I compared memcpy()'s icache miss behaviour with my new
--wait-on patch ( https://patchwork.kernel.org/patch/408801/ ).
And the result is,

default of tip tree

% sudo ./perf stat -w /tmp/perf-stat-wait -e L1-icache-load-misses

Performance counter stats for process id '12559':

64,328 L1-icache-load-misses

0.106513157 seconds time elapsed

Miao Xie's memcpy()

% sudo ./perf stat -w /tmp/perf-stat-wait -e L1-icache-misses

Performance counter stats for process id '13159':

64,559 L1-icache-load-misses

0.107057925 seconds time elapsed

It seems that there is no fatal icache miss.
# I tested perf bench mem memcpy with Core i3 M 330 processor.

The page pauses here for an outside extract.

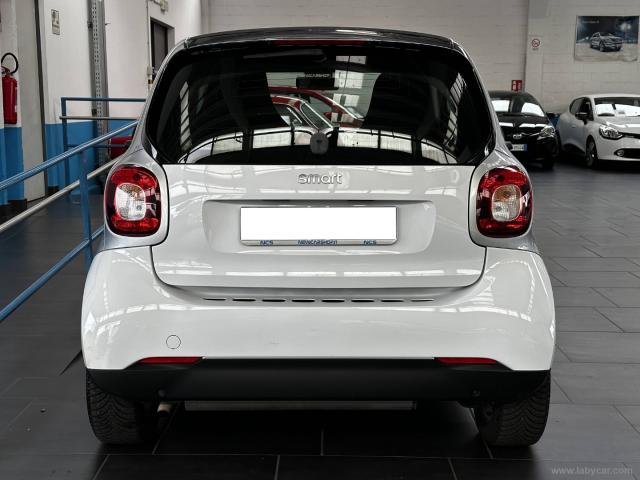 Auto - Smart fortwo 70 1.0 twinamic prime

But I don't understand well about cache characteristics of intel processor.
I have to look at this problem more deeply.

>
>> And could you tell me the detail of CPU family information
>> you are targeting, Miao?
>
> They are  Core2 Duo E7300(Core name: Wolfdale) and Xeon X5260(Core name:
> Wolfdale-DP).
>
> The following is the detailed information of these two CPU:
> Core2 Duo E7300:
> vendor_id       : GenuineIntel
> cpu family      : 6
> model           : 23
> model name      : Intel(R) Core(TM)2 Duo CPU     E7300  @ 2.66GHz
> stepping        : 6
> cpu MHz         : 1603.000
> cache size      : 3072 KB
> physical id     : 0
> siblings        : 2
> core id         : 1
> cpu cores       : 2
> apicid          : 1
> initial apicid  : 1
> fpu             : yes
> fpu_exception   : yes
> cpuid level     : 10
> wp              : yes
> flags           : fpu vme de pse tsc msr pae mce cx8 apic sep mtrr pge mca
> cmov pat pse36 clflush dts acpi mmx fxsr sse sse2 ss ht tm pbe syscall nx lm
> constant_tsc arch_perfmon pebs bts rep_good aperfmperf pni dtes64 monitor
> ds_cpl est tm2 ssse3 cx16 xtpr pdcm sse4_1 lahf_lm dts
> bogomips        : 5319.70
> clflush size    : 64
> cache_alignment : 64
> address sizes   : 36 bits physical, 48 bits virtual
> power management:
>
> Xeon X5260:
> vendor_id       : GenuineIntel
> cpu family      : 6
> model           : 23
> model name      : Intel(R) Xeon(R) CPU           X5260  @ 3.33GHz
> stepping        : 6
> cpu MHz         : 1999.000
> cache size      : 6144 KB
> physical id     : 3
> siblings        : 2
> core id         : 1
> cpu cores       : 2
> apicid          : 7
> initial apicid  : 7
> fpu             : yes
> fpu_exception   : yes
> cpuid level     : 10
> wp              : yes
> flags           : fpu vme de pse tsc msr pae mce cx8 apic sep mtrr pge mca
> cmov pat pse36 clflush dts acpi mmx fxsr sse sse2 ss ht tm pbe syscall lm
> constant_tsc arch_perfmon pebs bts rep_good aperfmperf pni dtes64 monitor
> ds_cpl vmx est tm2 ssse3 cx16 xtpr pdcm dca sse4_1 lahf_lm dts tpr_shadow
> vnmi flexpriority
> bogomips        : 6649.07
> clflush size    : 64
> cache_alignment : 64
> address sizes   : 38 bits physical, 48 bits virtual
> power management:
>

Thanks for your information!

Thanks,
Hitoshi